Camminata serale del 15 giugno

Gigi al scarpulein

 

Si chiamava Gigi e non saprei dire quale era il suo vero nome

Per tutti era Gigi.

“Al scarpulein” significa il calzolaio, in dialetto modenese.

Aveva il suo negozietto appena fuori casa nostra

Scendevo le scale, uscivo sulla strada e pochi metri sulla sinistra facevo due gradini edentravo da lui.

Mi sedevo lì, di fianco al suo tavolo di lavoro, pieno di martelli, chiodi, colle, scarpe, tomaie ... e guardavo, in silenzio.

Gigi era basso, quasi nano, mi sembra avesse anche una piccola gobba.

Se provo a ricordare ho anche il suono della sua voce nelle orecchie.

Un timbro un po' basso, intercalato da qualche risata sommessa, come se si schernisse di ciò che aveva detto e volesse ironizzare, scusarsi.

Lo ricordo con un grembiule di cuoio marrone che indossava sempre per non sporcarsi e per ripararsi quando doveva tagliare tomaie con taglierine ben affilate

Si appoggiava la tomaia all'altezza dello stomaco poi ... zac ! due o tre colpi

La provava sulla scarpa magari la rifilava e poi iniziava a inchiodare 

Tra le tante cose che mi spingevano, me bambino di 7 -8 anni, a entrare nel suo negozietto c'era senz'altro il momento della scelta dei chiodi.

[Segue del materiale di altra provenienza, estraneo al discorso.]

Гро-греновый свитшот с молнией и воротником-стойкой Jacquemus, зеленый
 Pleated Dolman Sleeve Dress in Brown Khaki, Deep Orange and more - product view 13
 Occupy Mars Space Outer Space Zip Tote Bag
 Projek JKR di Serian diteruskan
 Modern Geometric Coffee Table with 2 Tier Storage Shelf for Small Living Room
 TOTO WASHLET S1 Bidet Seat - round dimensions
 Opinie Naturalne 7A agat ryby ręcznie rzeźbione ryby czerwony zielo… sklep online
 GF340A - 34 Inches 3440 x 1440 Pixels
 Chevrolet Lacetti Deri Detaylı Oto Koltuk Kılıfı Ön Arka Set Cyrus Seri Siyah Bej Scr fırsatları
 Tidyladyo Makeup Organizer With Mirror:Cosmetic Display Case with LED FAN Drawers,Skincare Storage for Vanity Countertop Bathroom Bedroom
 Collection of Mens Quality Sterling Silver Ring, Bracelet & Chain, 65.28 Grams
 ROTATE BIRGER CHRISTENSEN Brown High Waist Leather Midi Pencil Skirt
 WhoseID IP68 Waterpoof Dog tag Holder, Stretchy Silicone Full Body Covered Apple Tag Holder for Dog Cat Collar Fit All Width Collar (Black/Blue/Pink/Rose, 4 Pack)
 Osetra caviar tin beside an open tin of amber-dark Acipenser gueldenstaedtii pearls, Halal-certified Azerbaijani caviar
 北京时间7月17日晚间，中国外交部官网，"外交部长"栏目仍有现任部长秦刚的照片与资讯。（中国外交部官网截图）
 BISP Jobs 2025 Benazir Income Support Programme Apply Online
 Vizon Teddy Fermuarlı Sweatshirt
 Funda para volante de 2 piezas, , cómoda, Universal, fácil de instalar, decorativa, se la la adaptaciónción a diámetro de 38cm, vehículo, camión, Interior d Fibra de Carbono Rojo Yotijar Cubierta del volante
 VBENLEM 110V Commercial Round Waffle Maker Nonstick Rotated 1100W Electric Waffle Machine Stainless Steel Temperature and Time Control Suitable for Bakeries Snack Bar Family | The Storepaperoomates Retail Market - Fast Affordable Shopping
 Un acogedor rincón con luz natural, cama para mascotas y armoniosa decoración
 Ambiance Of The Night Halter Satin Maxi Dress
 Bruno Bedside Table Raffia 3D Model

Ne aveva di tante forme, lunghezze, spessori, dentro a scatoline varie

Guardava, toccava, si sentiva il fruscio dei chiodi tra le sue mani, poi ne prendeva tra le dita un fascetto, alcuni li metteva in bocca e iniziava a battere, fissare, dando colpi ben assestati sul piccolo incudine da tavolo

Anche i martelli mi piacevano, alcuni piccoli, altri più lunghi e grandi ma senz'altro eroattratto da quello a testa larga, che usava quando doveva ribattere, fissare

Era come...il colpo finale

Quando prendeva quel martello il lavoro stava per terminare

Ogni tanto mia nonna mi cercava e tra i vari luoghi passava anche da Gigi: "Ah sei qui!"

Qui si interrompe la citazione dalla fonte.